シューベルト【こびと】を歌う事以外は考えていなかった。ではどうしたら良いのか。発想を逆にしてみた。ではN先生に『No!』
と言われた【こびと】を歌うとする。しかし一つだけ希望もある。B先生のレッスンで実際に【こびと】を歌ってある程度は認めて貰う事が出来た。恐らく、N先生から
『No!』
と言われたレオノーレやアガーテやワーグナーを歌う勉強を始める決心をするのであれば、このシューベルト【こびと】は避けて通る事は出来ないだろう。この曲だけなら何とか演奏会本番に乗せる事が出来る。N先生には私が歌った【こびと】は聴いて頂いていないがB先生には実際にレッスンを受けている。しかし、このシューベルト【こびと】を歌うならば他のドラマティックなシューベルト歌曲【若い尼僧】【全能】【無限】【解消】などを含めレオノーレやアガーテやワーグナーを勉強して行く事になるだろう。ただし重要な事は《例え演奏会本番で歌う事が出来なくても勉強する》という但し書きが付くのだ。勉強したい、諦めたくない。そして何より谷岡先生が、
『あなたが諦めたり棄ててしまう事は、私は違うと思う』
と言って下さった。他でもない私にウィーンでの勉強を勧めて下さった方なのだ。
誰かに何かを言われたから、では無いのだろう。私自身が7月の演奏会で【こびと】を歌いたいのだ。恐らく、レオノーレやアガーテやワーグナーを勉強する足掛かりとなるのはこのシューベルト【こびと】しか無いだろう。今私が演奏会本番で歌える曲は、この1曲しかない。
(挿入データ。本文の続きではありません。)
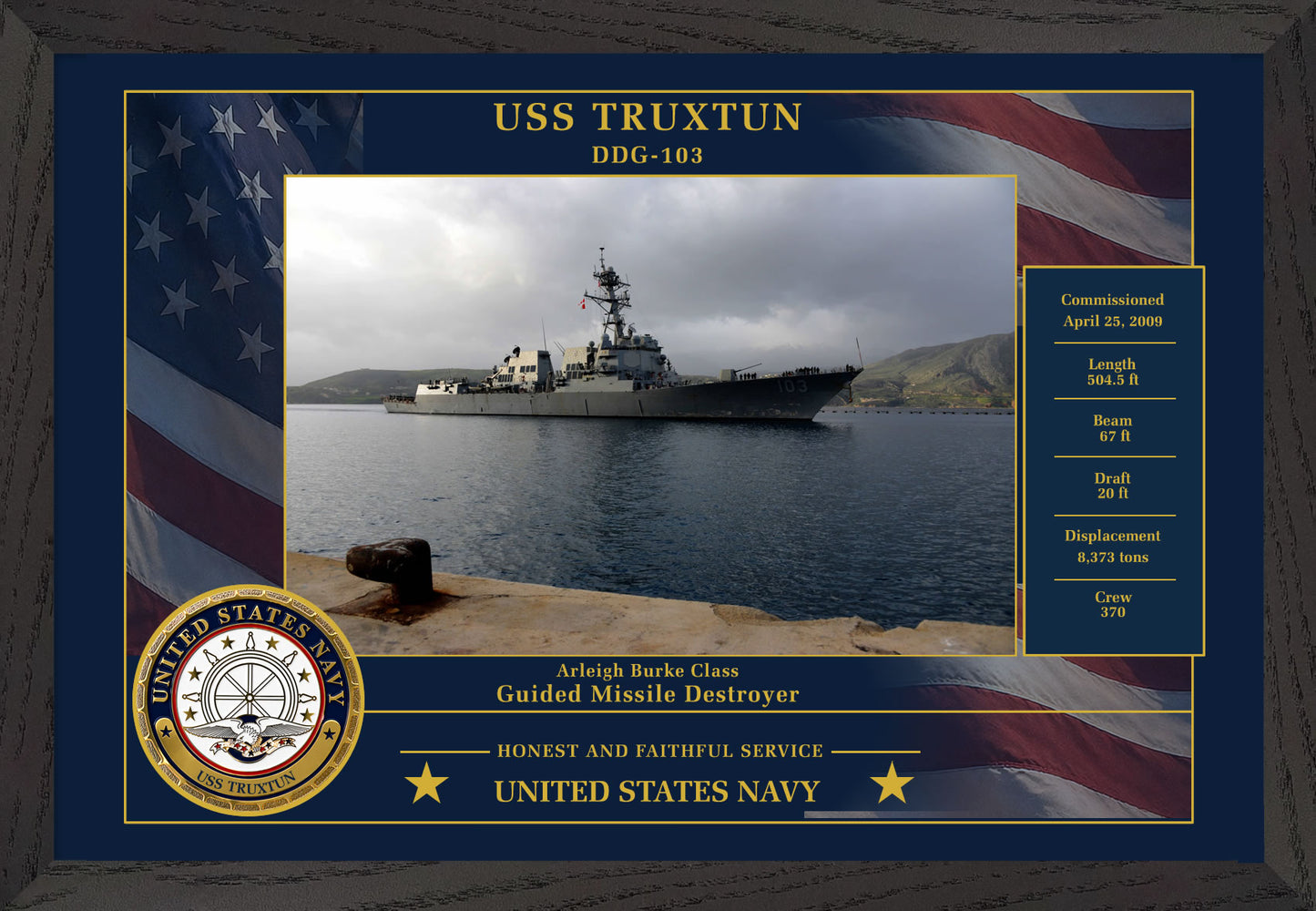 USS Truxtun DDG-103 Framed Patriotic Photo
そう考えた時、本当に自分自身にM先生の【こびと】の評価は私が勉強を続ける決心に必要不可欠なのだろうか、疑問に思った。いや、必要不可欠なのではなく私がM先生に頼ってしまっただけの話なのだと思い知った。例え演奏会本番で歌う事が出来ない辛さや苦しみを乗り越えて勉強する覚悟を持たなければならない時に、甘え頼るなど言語道断である。
そう考えたら何だか少しふっ切れた。例えM先生からどんな評価が返って来ようとも自分自身が歌いたい気持ちは一つも変わらない、自分自身でさえ変える事が出来ない。それに他でもないM先生がウィーンで私に、
『そんなにやりたいならレオノーレでもアガーテでもワーグナーでも勉強して歌ってみなさいよ』と仰っしゃったのだ。今まで勉強する事を決める事が出来なかったのは、演奏会本番で歌う事が出来ない事に対する自分自身の弱さだったと改めて思い知らされた。